「森尾さんなんかに、おまえ呼ばわりされることないわよ!」
「預かったものって?」
佳菜子は反抗的に顎《あご》を突き出し、「あの人が誰だか教えてくれなきゃ渡さない」
森尾がすごい勢いで部屋を横切ってくると、佳菜子のうしろにまわり、彼女が背中に隠していた茶色い封筒をもぎとって、私に差し出した。
「バカ。ここは女学校じゃないんだぞ」
ちらっと私と視線をあわせると、
「その女性、言葉がしゃべれないみたいで。筆談で、それを渡してくれればわかるって教えてくれました。

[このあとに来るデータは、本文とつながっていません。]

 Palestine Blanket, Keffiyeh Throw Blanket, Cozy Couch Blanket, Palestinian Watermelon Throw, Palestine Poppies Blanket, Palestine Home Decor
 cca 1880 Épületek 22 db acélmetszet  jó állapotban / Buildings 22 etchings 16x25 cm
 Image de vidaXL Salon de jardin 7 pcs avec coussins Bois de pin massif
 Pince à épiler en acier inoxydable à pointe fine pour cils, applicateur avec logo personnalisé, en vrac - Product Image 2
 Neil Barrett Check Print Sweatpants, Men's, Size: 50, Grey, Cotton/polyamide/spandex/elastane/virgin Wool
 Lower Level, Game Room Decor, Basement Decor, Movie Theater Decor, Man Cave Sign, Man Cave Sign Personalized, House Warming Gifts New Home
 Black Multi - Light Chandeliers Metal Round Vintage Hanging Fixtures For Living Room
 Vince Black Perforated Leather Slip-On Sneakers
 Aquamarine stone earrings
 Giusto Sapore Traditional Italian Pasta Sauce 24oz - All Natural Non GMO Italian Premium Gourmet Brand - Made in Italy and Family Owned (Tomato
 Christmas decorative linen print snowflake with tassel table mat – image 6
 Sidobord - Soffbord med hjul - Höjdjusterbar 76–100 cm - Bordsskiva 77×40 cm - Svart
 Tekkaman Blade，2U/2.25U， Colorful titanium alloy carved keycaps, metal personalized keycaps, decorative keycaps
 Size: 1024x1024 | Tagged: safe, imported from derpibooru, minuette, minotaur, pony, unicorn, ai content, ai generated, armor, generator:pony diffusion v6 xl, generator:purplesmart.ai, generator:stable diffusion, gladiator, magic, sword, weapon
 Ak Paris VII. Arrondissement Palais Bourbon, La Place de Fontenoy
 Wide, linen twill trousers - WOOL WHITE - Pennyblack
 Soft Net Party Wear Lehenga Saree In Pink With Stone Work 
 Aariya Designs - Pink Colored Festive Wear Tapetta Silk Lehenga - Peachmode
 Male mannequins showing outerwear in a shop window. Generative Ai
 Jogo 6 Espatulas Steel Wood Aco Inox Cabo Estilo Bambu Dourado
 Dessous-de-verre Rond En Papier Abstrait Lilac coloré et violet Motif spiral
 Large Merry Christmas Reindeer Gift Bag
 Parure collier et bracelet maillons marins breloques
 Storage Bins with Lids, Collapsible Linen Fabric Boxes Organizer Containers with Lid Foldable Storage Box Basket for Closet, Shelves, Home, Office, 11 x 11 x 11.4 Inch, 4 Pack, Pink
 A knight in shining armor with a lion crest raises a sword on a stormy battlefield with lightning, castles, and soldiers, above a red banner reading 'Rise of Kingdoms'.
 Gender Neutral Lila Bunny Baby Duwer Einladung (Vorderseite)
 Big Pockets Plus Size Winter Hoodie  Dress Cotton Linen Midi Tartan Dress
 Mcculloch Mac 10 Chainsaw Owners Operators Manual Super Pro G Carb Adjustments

帰ったのは七時ごろですよ」
「ありがとう」
封筒を開けてみると、見慣れた七恵の字で書かれたメモが出てきた。
<また、あのグレイの車を見かけました。昨夜です。うちのアパートの方を監視しているようでしたので、写真を撮りました。インスタント現像に出してプリントしましたが、ネガも一緒に入れておきます。わたしには、まるで心当たりのない顔です 三村>
写真は六枚あった。連続写真のように、場面がつながっている。
間違いなく、あのグレイの国産車だった。運転者の顔はぼやけているが、あの時と同じ人物であるようだ。一枚目、二枚目では斜め右の方を見ているが、三枚目でははっきりレンズと視線があっている。四枚目で手のあたりがブレ始め、五枚目、六枚目では車は走りだしていた。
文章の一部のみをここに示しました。